Page 1 of 1

Splitting CamelCase words in Unicode?

Posted: Sun Oct 14, 2012 2:39 am
by dfhtextpipe
I have a non-English text that includes lots of CamelCase words.
The language is based on an extended Latin alphabet with various diacritics.
The text is encoded as UTF-8 (without BOM) and the Unicode is normalized NFC.

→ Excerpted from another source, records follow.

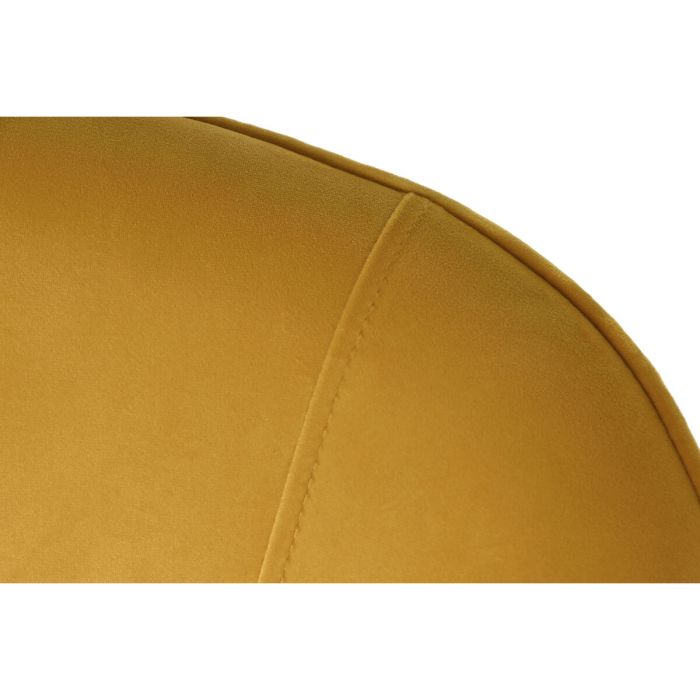 Butaca DKD Home Decor Amarillo Madera 56 x 70 x 71 cm 3
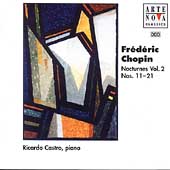 Chopin: Nocturnes Vol 2 / Ricardo Castro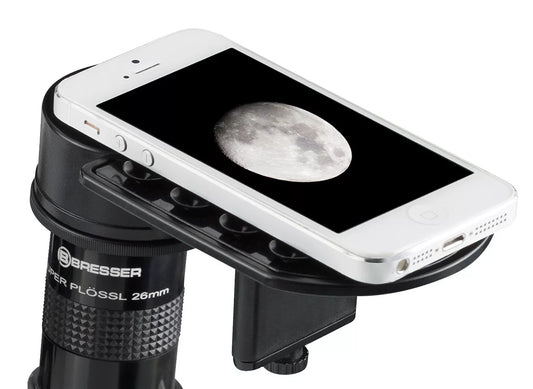 Adaptateur de Smartphone Deluxe BRESSER pour Télescope et Microscope - BRESSER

The following regexp can find them when used in the Notepad++ search feature:

Code: Select all

[a-zàáãèéìíòóõùúṣẹẽọ][A-ZÀÁÃÈÉÌÍÒÓÕÙÚṢẸẼỌ]
(with Match case ticked)

Now supposing I'd like to use TextPipe to split these words where the CamelCase case-change is found.
i.e. where a lowercase letter is followed by an adjacent uppercase letter.
e.g. Change "CamelCase" to "Camel Case".

How should I do this in TextPipe?
i.e. What is the simplest method to implement this requirement?

Bear in mind that I can't just paste this code into a Perl replace filter:

Code: Select all

Replace ([a-zàáãèéìíòóõùúṣẹẽọ])([A-ZÀÁÃÈÉÌÍÒÓÕÙÚṢẸẼỌ]) by $1 $2
with Match case ticked.
I can do this in NotePad++ but this sort of thing simply doesn't work in TextPipe.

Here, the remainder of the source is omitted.